My friend (who farms) told me recently of a little 2-year-old boy whose mom (another farming family) picked up a toy combine at a garage sale.  Obviously, it was used, and was missing the header, but the boy was so young, mom didn’t think this would be a problem.  Kids that age have great imaginations anyway, right?

Until she gave it to her son, and he remarked, “Where’s the header?  How do you expect me to get any work done without the header?!?”

In my defense, I’m from the ‘burbs, and my milk and bread came from the grocery store.  So evidently, a combine is not as effective (like, at all?) without its header.  Missing pieces in farming equipment mean no more bread on my table, and imaginary bread doesn’t fill the stomach very well.
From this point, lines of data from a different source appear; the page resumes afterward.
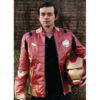 Iron Man Inspired Leather Jacket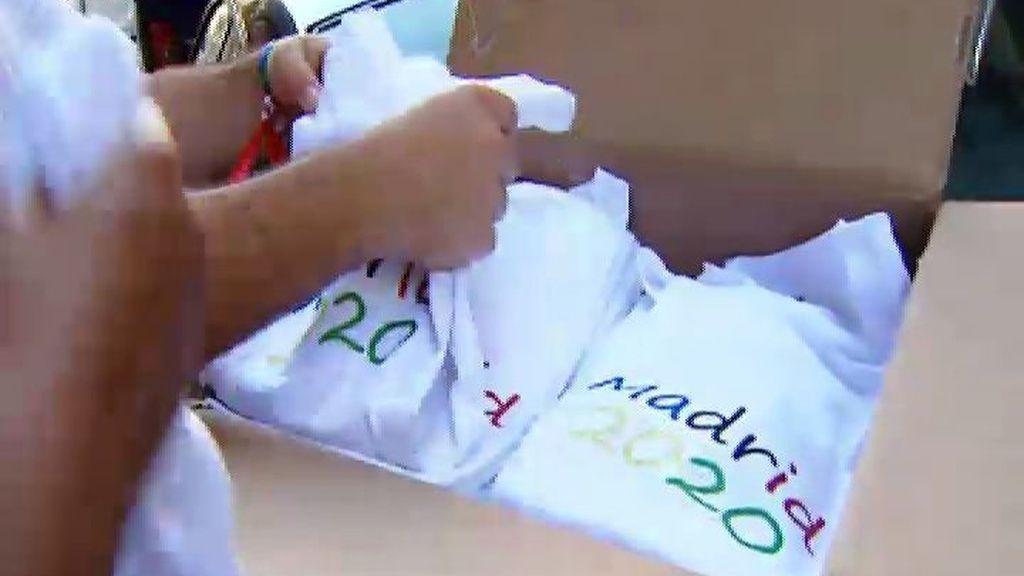 Los voluntarios, la pieza clave de la candidatura Madrid 2020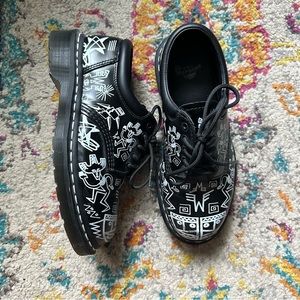 Dr Martens x Mark Wigan oxfords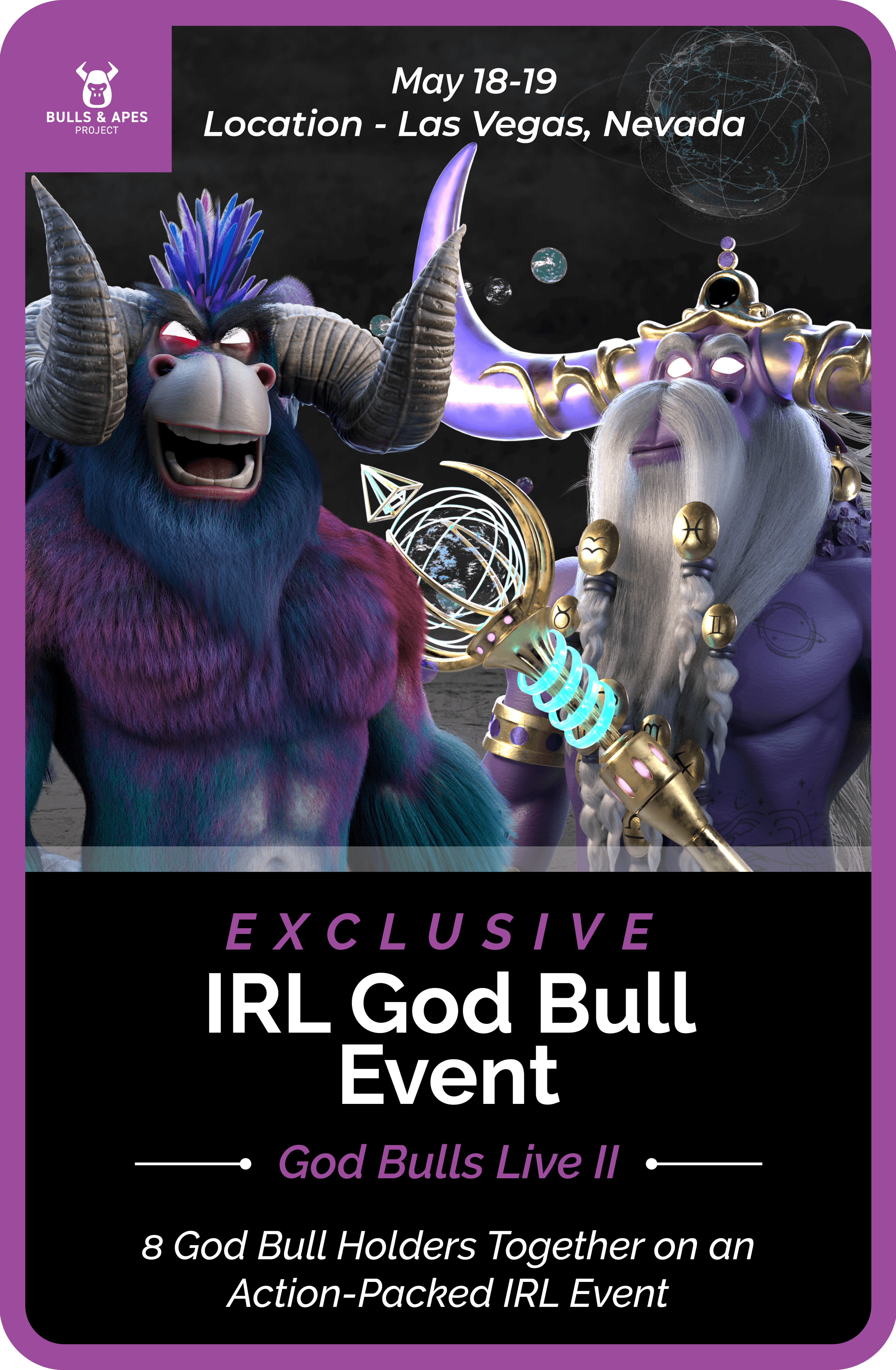 IRL God Bull Event II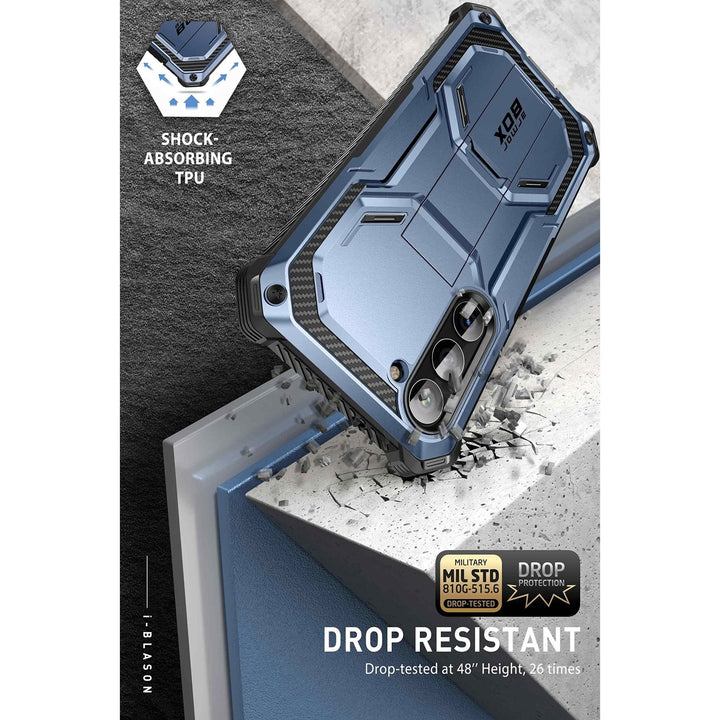 i-Blason Armorbox Galaxy S23+ Case with Stand & Clip - DOKUTRONIX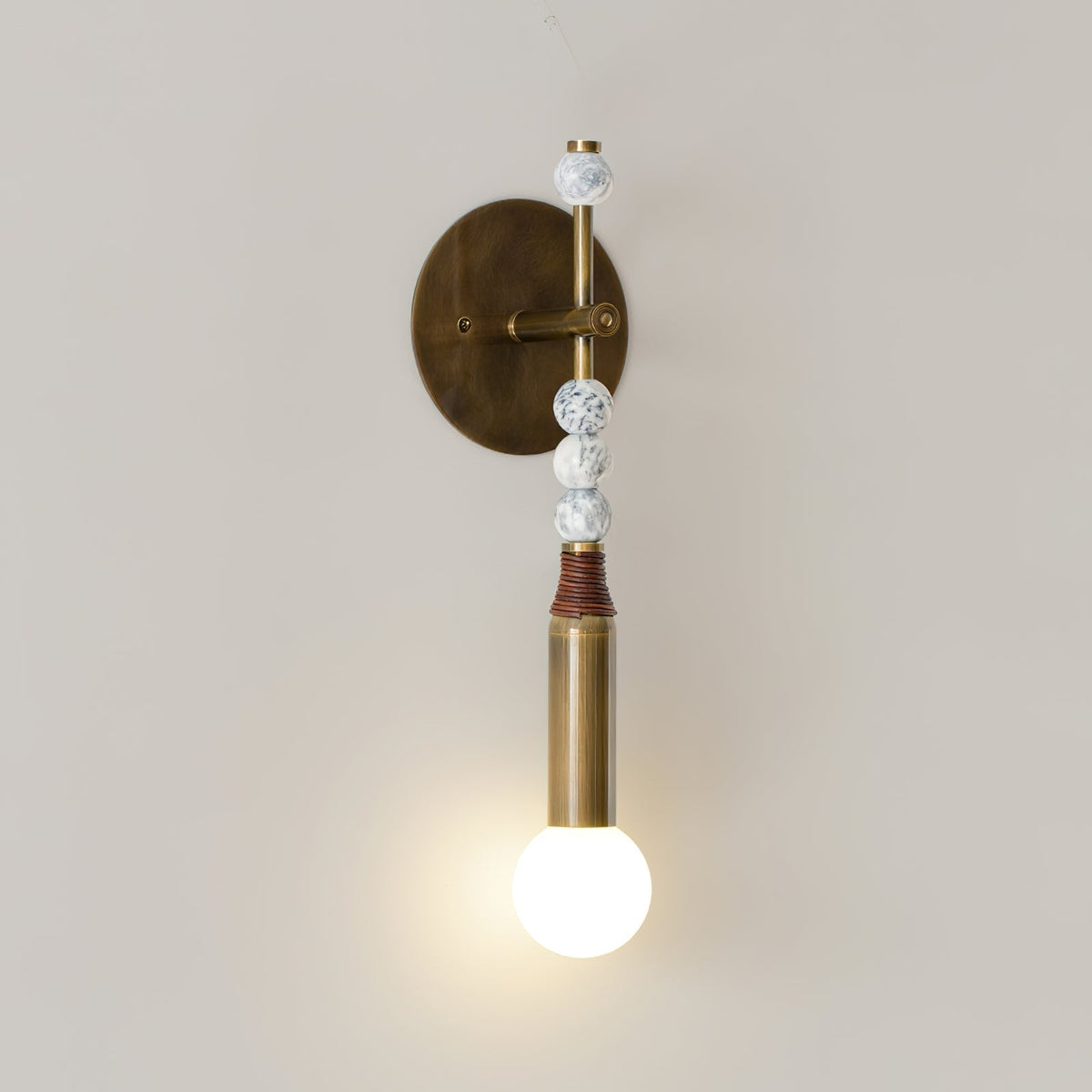 Mariselia Modern Minimalist Marble Wall Lamp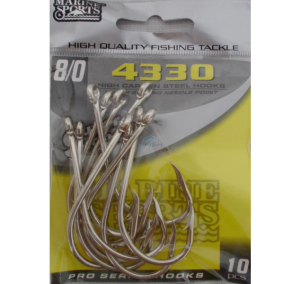 ANZOL 4330 8/0 CARTELA C/10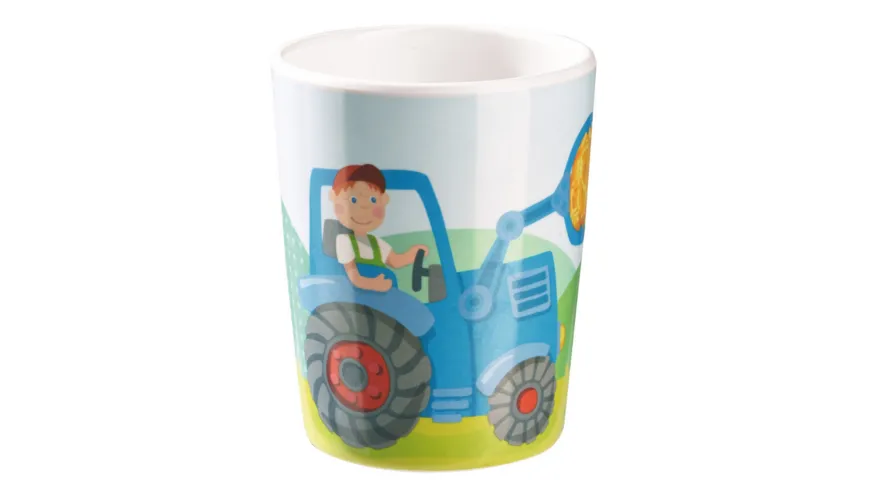 HABA Becher Traktor 302815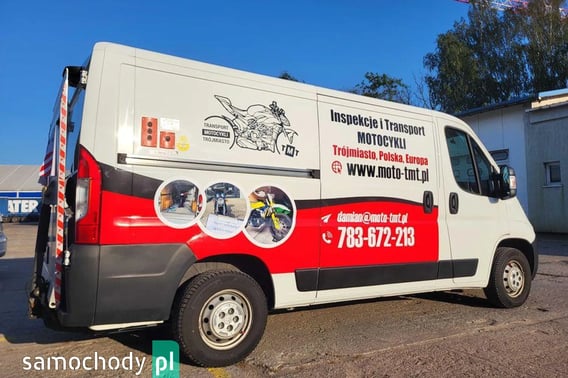 Inspekcje motocykli + transport busem – Trójmiasto, Gdańsk
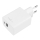 FIXED Ładowarka sieciowa 45W USB-C/USB-A biały FIXC45M-CU-WH - 1342417 - zdjęcie 2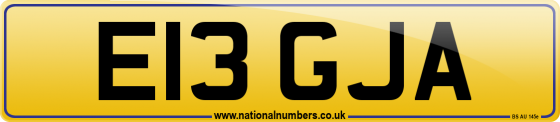 E13 GJA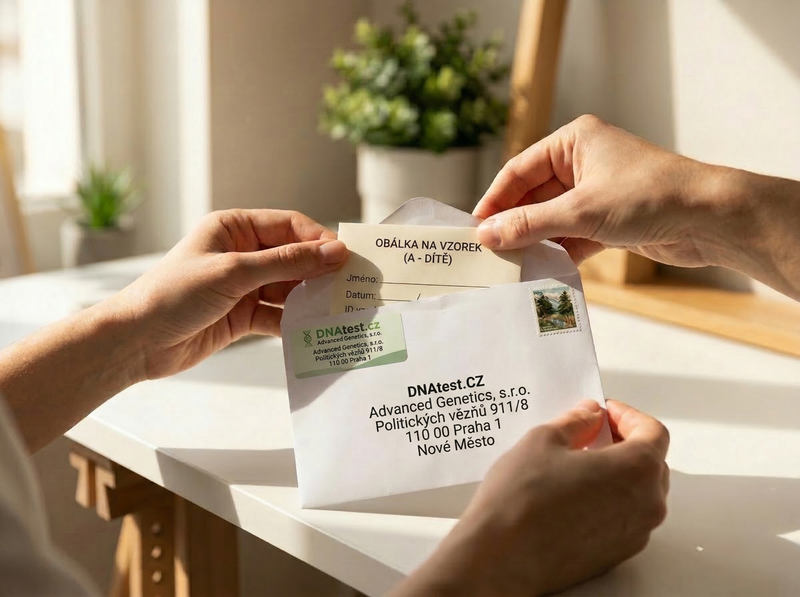 Imballaggio e spedizione dei campioni al laboratorio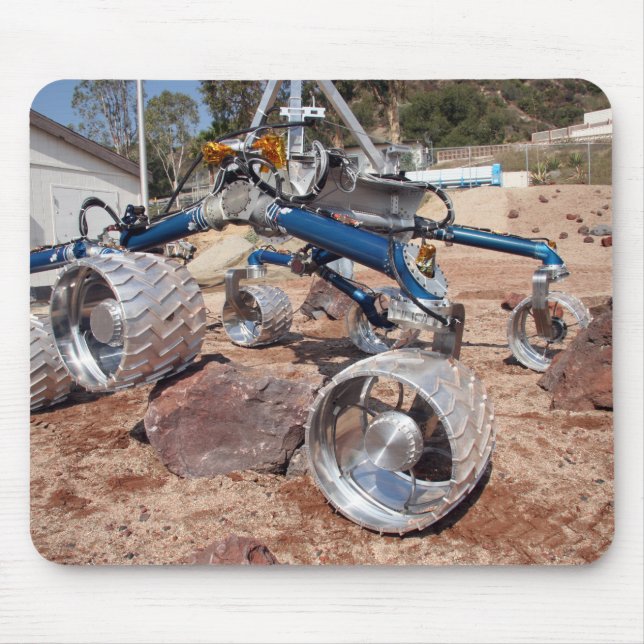 Mousepad Espantalho, um modelo de teste de mobilidade (Frente)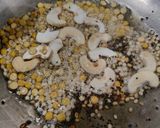 A picture of step 2 of Sesame Rice.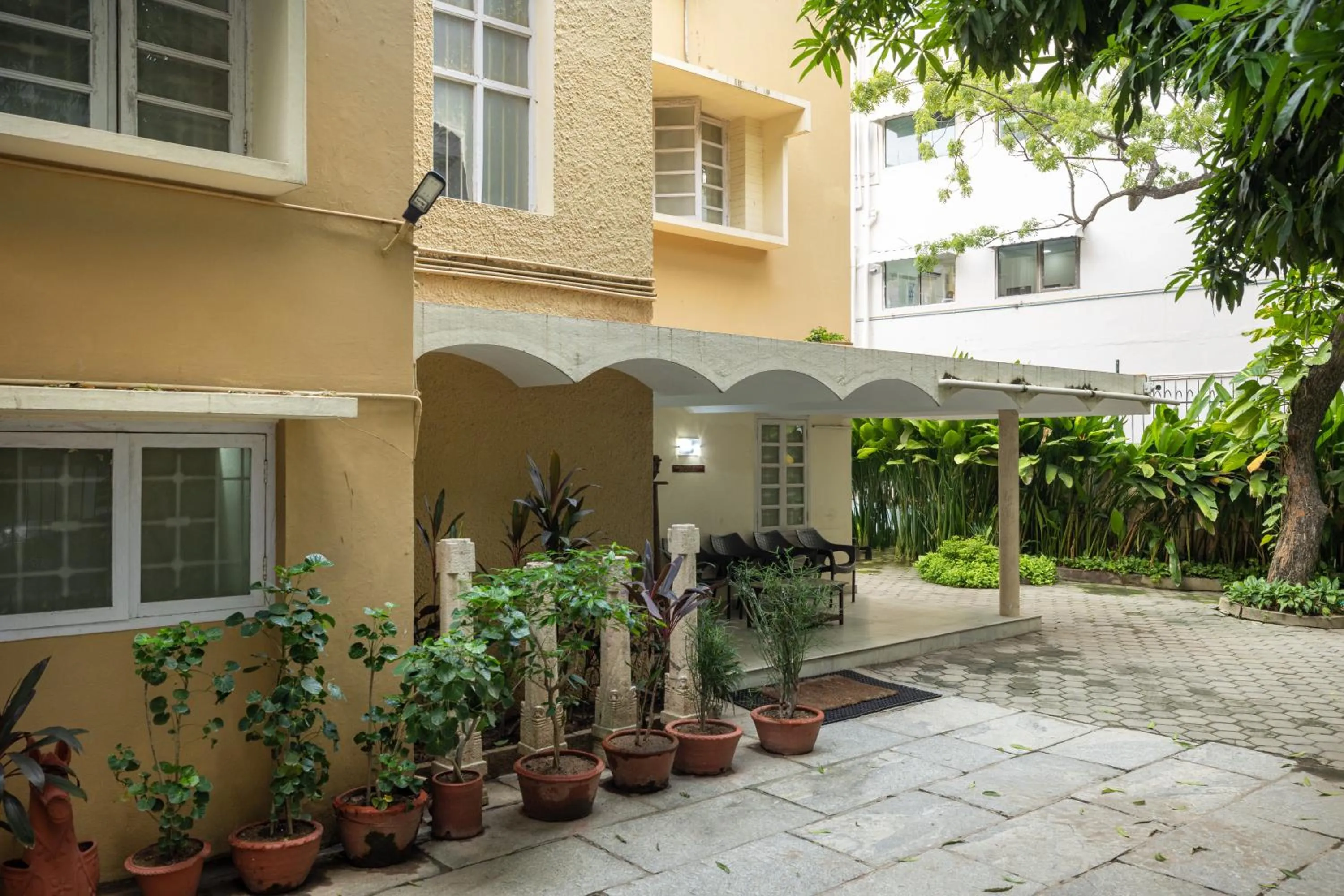 Property building in Hanu Reddy Residences Wallace Garden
All this brings to my mind what the Apostle Paul talks about when he compares the Body of Christ to an actual human body.  It’s that crucial idea that we need each other to be fully productive.  If the hand says to the foot “I don’t need you”, then the hand probably isn’t going anywhere!  Finally, Paul makes this simple but essential conclusion:

“All of you together are Christ’s body, and each of you is a part of it.”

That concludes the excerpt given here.